[Items from a dataset]
*** Begin section ***
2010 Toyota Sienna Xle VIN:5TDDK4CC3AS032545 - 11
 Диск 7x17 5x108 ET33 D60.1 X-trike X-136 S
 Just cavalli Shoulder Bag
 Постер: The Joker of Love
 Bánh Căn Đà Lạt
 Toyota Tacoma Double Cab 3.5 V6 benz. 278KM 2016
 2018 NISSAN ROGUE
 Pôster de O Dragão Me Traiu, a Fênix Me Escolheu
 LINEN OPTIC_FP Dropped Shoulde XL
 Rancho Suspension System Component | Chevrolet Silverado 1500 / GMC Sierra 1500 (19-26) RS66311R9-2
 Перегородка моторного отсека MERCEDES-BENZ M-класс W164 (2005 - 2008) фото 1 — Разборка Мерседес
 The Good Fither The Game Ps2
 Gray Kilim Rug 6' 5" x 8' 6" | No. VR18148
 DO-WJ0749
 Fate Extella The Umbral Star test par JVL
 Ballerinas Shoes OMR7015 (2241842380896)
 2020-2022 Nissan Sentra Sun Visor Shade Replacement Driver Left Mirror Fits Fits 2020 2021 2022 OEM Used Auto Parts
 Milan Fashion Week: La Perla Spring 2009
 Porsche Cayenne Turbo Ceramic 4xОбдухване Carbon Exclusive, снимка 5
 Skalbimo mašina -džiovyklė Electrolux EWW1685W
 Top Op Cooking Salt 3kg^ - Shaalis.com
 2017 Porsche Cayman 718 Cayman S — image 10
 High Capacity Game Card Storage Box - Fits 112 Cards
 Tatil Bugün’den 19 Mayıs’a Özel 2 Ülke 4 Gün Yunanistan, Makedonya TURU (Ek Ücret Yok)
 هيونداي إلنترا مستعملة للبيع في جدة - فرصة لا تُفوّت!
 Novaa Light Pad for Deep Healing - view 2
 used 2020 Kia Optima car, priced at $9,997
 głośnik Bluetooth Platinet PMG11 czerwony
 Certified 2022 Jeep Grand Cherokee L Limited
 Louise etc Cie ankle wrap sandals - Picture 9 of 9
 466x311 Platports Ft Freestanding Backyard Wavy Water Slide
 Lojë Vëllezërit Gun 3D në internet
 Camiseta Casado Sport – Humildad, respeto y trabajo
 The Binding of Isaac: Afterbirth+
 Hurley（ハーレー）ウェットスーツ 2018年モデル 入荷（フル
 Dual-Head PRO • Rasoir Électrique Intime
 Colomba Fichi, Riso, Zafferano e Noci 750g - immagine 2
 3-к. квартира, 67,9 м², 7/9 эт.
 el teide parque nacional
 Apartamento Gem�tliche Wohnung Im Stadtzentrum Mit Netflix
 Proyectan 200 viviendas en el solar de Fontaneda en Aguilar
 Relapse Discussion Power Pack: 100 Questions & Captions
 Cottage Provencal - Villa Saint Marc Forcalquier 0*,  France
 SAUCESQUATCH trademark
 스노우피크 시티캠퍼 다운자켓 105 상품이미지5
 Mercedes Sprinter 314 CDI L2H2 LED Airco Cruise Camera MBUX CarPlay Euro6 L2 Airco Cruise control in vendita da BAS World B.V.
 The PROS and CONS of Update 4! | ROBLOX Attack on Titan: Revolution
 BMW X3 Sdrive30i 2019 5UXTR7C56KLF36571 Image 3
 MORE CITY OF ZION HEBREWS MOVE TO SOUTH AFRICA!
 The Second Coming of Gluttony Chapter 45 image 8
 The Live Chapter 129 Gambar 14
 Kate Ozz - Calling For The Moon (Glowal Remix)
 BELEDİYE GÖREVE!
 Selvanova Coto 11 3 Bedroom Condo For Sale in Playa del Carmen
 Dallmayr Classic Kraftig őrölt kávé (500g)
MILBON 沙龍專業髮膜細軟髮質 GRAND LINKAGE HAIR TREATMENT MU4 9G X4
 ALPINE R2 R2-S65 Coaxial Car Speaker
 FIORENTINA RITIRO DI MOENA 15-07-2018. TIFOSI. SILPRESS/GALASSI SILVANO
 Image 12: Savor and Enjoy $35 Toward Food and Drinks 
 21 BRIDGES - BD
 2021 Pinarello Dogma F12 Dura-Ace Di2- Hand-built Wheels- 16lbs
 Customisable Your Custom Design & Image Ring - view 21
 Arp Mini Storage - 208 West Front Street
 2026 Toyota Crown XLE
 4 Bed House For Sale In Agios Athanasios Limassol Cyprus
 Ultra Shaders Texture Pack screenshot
*** End section ***
Show the lines of the records that contain the word "Sale".

→ Result of this task:
 Selvanova Coto 11 3 Bedroom Condo For Sale in Playa del Carmen
 4 Bed House For Sale In Agios Athanasios Limassol Cyprus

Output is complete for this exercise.